◆ Exercise objective ◆
From the line with "Bathroom of Flat" through the final line of the entries below, write out each line exactly and nothing else.

◆ Extracted entries ◆
━━━━━━━━

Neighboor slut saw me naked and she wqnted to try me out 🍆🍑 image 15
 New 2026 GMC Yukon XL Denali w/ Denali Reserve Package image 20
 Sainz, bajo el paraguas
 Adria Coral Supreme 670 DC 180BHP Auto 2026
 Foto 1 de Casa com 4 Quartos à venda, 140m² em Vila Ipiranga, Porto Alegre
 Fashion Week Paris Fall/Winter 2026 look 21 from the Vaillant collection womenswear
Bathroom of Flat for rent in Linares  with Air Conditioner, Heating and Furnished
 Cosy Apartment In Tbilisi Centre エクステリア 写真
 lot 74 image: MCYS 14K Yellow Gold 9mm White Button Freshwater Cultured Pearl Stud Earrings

━━━━━━━━

◆ Exercise solution ◆
Bathroom of Flat for rent in Linares  with Air Conditioner, Heating and Furnished
 Cosy Apartment In Tbilisi Centre エクステリア 写真
 lot 74 image: MCYS 14K Yellow Gold 9mm White Button Freshwater Cultured Pearl Stud Earrings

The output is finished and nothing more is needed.